The first thing that you are going to need to find to do this is how the data has actually been stored. The strange characters you are describing sound like somewhere some data obtained in one character encoding, but then interpreted as another.  This is a very old problem, without a solution in general except to always know the encoding of your data. It goes back to the development of the ASCII character set which is the base for most character sets in use today (another major branch is EBCDIC, but that has its own issues and you tend to know when you need to deal with that).

The A in ASCII is for American, the ASCII character set was designed for American (i.e. english) data, and when it when it was developed, memory and bandwidth were limited and expensive, so you didn't waste them. ASCII was a compact set, using only 7 bits per character, and was fine for english information, with the basic alphabet. It became the base standard because America was a core part in the initial computer development, and had a lot of influence in the initial standards.

While it worked well for American data, it didn't work so well for many other countries, so most other countries adopted their own character set for use in their country, normally based on ASCII as a base, but adding codes to extend the coding to an 8 bit code, keep (at least most of) ASCII as the first 128 values.

To exchange data between character machines, you needed to include what character set the data was in (or you see some funny words due to the mis-match).

Operating systems adopted the concept of Code Pages, which basically defined which of the many standard character sets was to be used, and some transfer formats actually included as part of the header information what character set the data that follows was in. One of these was the web pages that were on the Internet.

Later, to try and get out of this mess, a new character encoding was invented called Unicode, Unicode initially intended to provide a single universal encoding that would let any of the many standard encodings be converted to this universal encoding. It was first thought that this could be done with a 16 bit character set, but it later needed to be enlarged in size as they found out how many different characters there really were. While memory isn't quite as precious as it was when ASCII was designed, it isn't so abundant that we could just increase the size of out data by a factor, so a compact encoding was developed called UTF-8, which represents the ASCII characters exactly as the ASCII character set, and all the extra characters with multiple bytes.

Because it did make files with the extra characters longer, and it was somewhat complicated to work with, and most people only worked with documents that could all be encoded in a single character set, its adoption was slow, but it now is becoming a norm, but still many things are in the old legacy encodings.

If you try to interpret a file that is in one of the legacy encodings as Unicode UTF-8, then (if it uses extended characters) it almost certainly will create decoding errors (UTF-8 was intentionally designed with redundancy in the encoding to easy processing, so many 'random' sequences become invalid). If you interpret a file that is in UTF-8 and a legacy encoding, you will tend to get some strange out of place extended characters.

My first guess is that your proprietary crawler either didn't properly detect the page encoding and handle it, ideally it would have converted it to UTF-8, but in might also save the data in the original encoding and saved what that encoding was, or your read out program isn't detecting the character set the data was stored as and processing it right.

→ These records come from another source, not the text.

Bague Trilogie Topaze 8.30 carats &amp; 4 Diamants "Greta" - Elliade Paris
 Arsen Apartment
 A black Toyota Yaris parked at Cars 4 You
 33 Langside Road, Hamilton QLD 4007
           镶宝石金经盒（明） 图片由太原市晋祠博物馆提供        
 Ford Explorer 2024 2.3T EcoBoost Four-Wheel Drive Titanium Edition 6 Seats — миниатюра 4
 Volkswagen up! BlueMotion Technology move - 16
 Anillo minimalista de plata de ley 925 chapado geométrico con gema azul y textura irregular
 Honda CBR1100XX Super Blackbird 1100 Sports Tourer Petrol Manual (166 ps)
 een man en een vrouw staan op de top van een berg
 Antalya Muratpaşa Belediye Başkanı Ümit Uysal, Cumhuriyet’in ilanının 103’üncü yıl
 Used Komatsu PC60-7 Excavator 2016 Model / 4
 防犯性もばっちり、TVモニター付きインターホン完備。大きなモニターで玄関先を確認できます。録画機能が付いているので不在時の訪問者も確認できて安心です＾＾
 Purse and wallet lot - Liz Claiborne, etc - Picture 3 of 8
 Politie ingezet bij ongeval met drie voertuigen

I believe SQLite assumes that 'TEXT' data is UTF-8 encoded, but other encodings can be declared or data stored as BLOBs.

What likely should happen is someone (maybe you) needs to read out samples of the funny data as a blob, and figure out how the data is actually encoded, ideally comparing it to the original page crawled, and once you know what the problem was, you can perhaps work on fixing it and detecting the records with problems.

One possible issue is that some conversion routines take characters they don't know how to handle and replace them with the ASCII Question Mark, and if that is what has been stored in the database, it may be very hard to distinguish that from an actual question mark in the data.